According to records filed with a UK government regulator, the firm’s US business grew by £137 million ($178 million) in revenue from 2021 to 2023, accounting for about 87% of the firm’s overall growth during that time. Despite this impressive growth, the US business generated less than 20% of the firm’s reported £1.8 billion top line in 2023. However, if the US business can replicate the 79% revenue growth it achieved from fiscal 2021 to 2023, the stateside lawyers would generate around £550 million in revenue by fiscal 2025, or around $715 million by current exchange rates.
The firm’s senior partner, Georgia Dawson, stated that there is “quite a lot of market interest within particular practice areas around Texas and Boston,” and that the firm will continue to evaluate whether it’s a good time to expand. Dawson also added that the firm remains focused on growing in Europe, saying there is “a very clear and frank dialogue” within the partnership that the US growth must be accompanied by European investment.
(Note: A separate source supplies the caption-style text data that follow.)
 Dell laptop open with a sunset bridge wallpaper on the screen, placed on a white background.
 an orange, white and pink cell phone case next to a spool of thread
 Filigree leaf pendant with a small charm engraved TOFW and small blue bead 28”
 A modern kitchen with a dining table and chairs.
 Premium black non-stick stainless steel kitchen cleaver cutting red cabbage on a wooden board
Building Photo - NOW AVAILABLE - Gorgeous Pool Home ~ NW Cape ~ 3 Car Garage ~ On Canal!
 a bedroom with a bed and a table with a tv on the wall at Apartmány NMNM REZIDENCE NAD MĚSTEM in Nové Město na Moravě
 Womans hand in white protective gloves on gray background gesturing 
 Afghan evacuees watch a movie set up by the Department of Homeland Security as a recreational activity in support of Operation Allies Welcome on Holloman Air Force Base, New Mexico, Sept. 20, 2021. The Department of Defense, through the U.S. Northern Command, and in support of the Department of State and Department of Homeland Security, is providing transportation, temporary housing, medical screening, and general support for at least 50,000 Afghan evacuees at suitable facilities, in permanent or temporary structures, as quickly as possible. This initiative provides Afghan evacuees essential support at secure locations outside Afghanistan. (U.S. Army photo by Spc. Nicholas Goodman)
Freshfields’ expansion into the US comes as other London “Magic Circle” firms have pursued their own avenues to growth. For example, Clifford Chance has turned to the lateral market, looking to recruit 12 to 19 partners annually over the next three years, while Allen & Overy’s merger with Shearman & Sterling gave the combined firm a hefty US presence.
Freshfields has been focused on bulking up its asset management practice, luring private equity and private capital lawyers from major rivals. The firm also “refreshed” its brand last month, dropping a logo that featured an angel for streamlined lettering and shortening the firm’s official name to simply “Freshfields.”
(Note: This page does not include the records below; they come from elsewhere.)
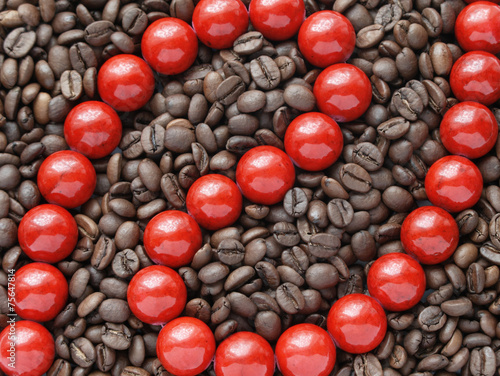 Glossy red beads in brown coffee beans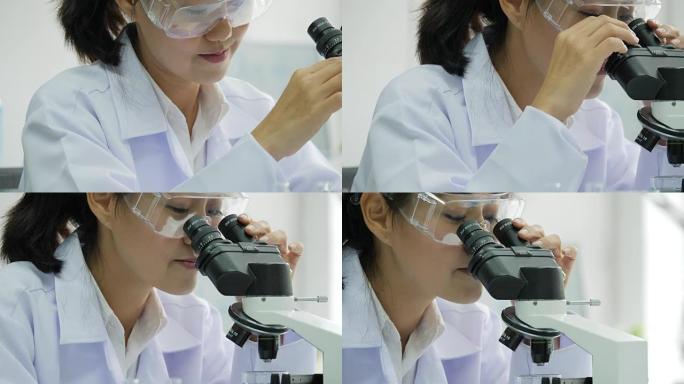 在实验室里通过显微镜观察的亚洲女性医学研究科学家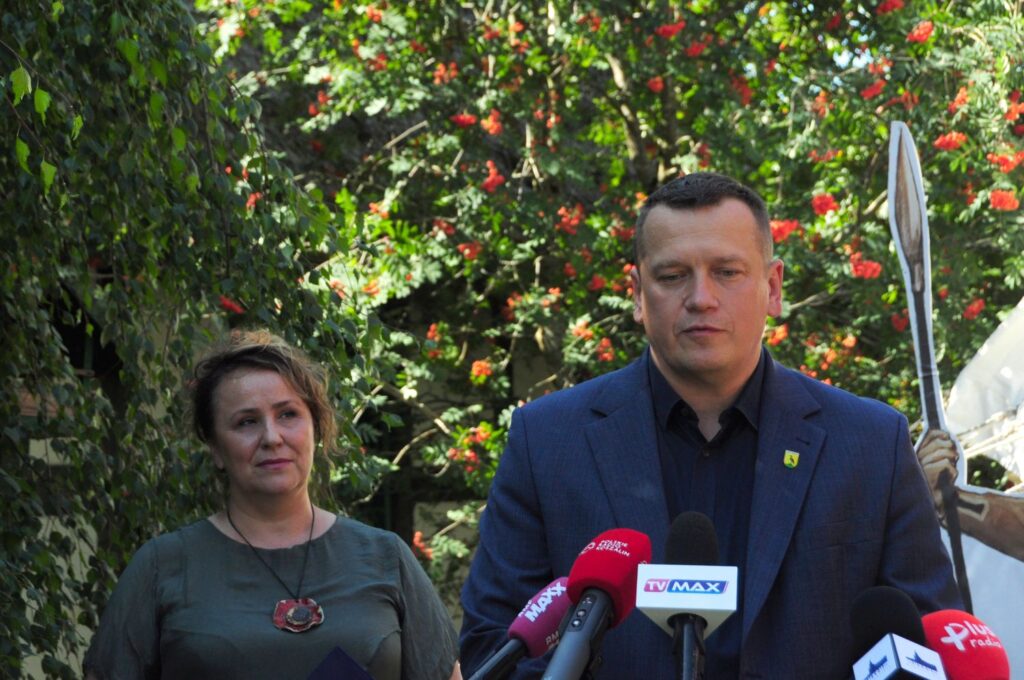Kobieta i mężczyzna uczestniczą w konferencji prasowej; mężczyzna przemawia do mikrofonów ustawionych przed nimi, a w tle widoczny jest element scenografii wydarzenia (kliknięcie powiększy zdjęcie).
Freshfields’ reputation for antitrust work has paired well with its push into the tech industry as US regulators take aim at companies like Google. The firm is currently part of the team representing Google in a major antitrust trial over its advertising technology, with closing arguments next month. The company already lost a separate case brought by the Department of Justice alleging it was a monopolist in Internet search.